■ **WHAT IS NEEDED**
All of the data below should be printed again word for word, pictures excluded.

■ **EXERCISE DATA**
★ ★ ★
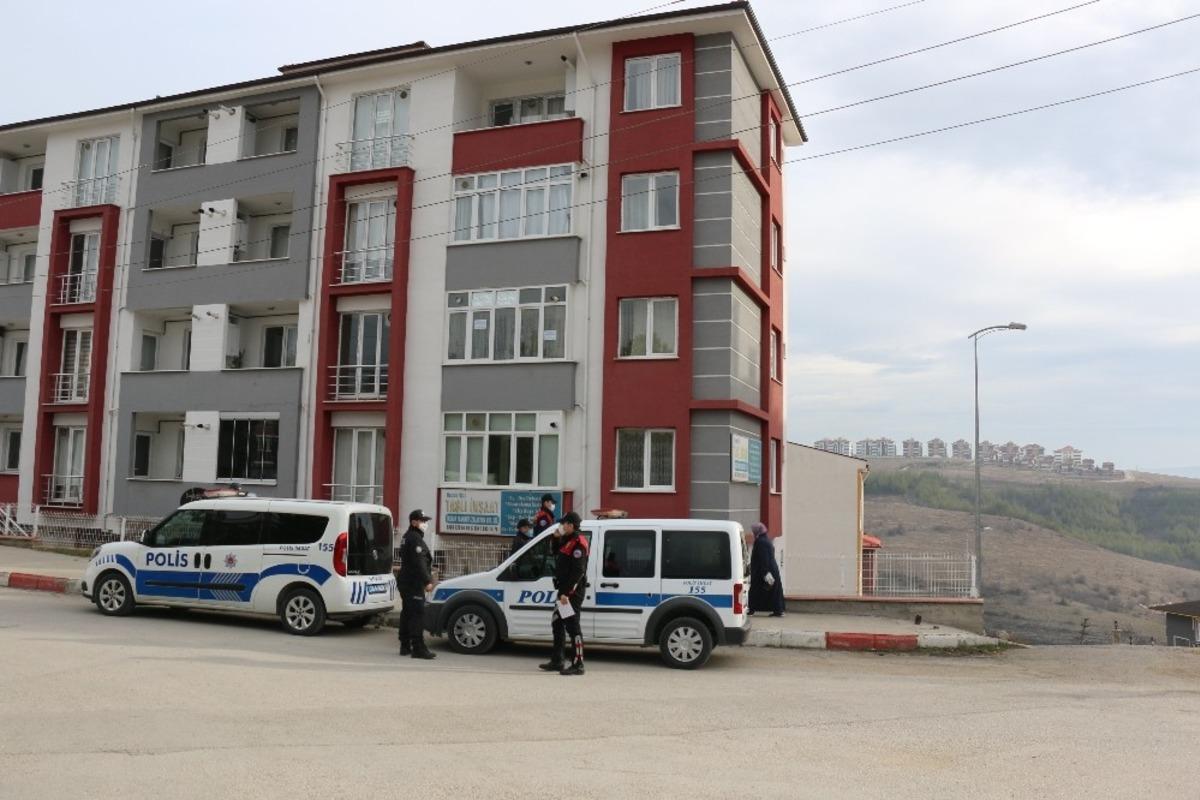 Binanın 4. katından d&uuml;şen şahıs hayatını kaybetti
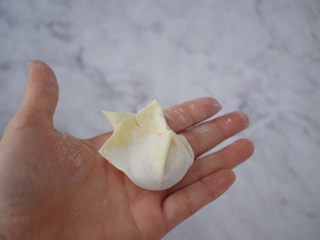 8、鲜肉小馄饨,捏紧即可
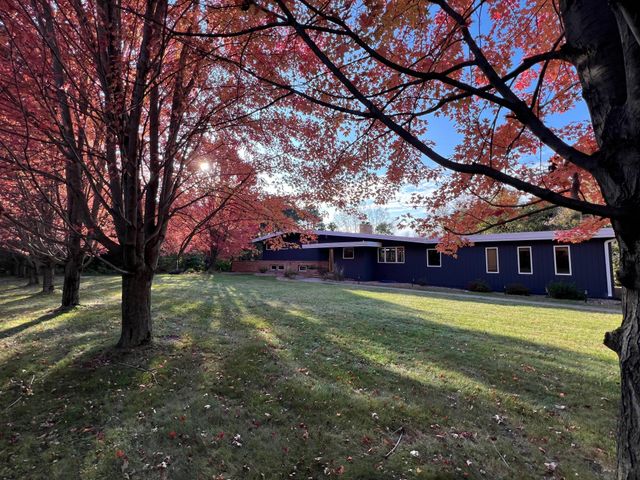 14122 Prairie Road NW, Andover, MN 55304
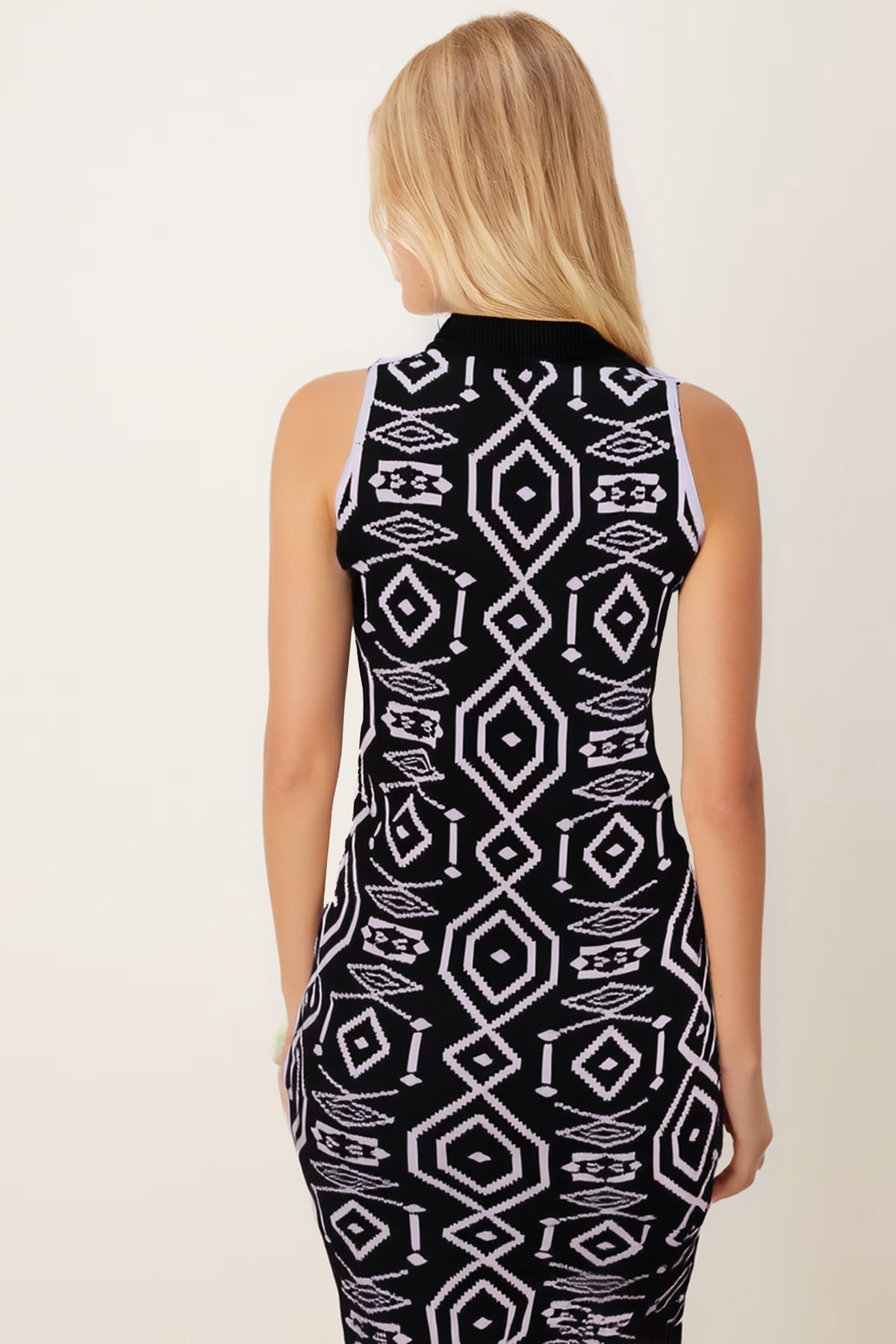 Kadın Siyah Balıkçı Yaka Etek Ucu Püsküllü Triko Elbise ARM-26K136009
★ ★ ★
■ **RESPONSE TO THIS EXERCISE**
 Binanın 4. katından d&uuml;şen şahıs hayatını kaybetti
 8、鲜肉小馄饨,捏紧即可
 14122 Prairie Road NW, Andover, MN 55304
 Kadın Siyah Balıkçı Yaka Etek Ucu Püsküllü Triko Elbise ARM-26K136009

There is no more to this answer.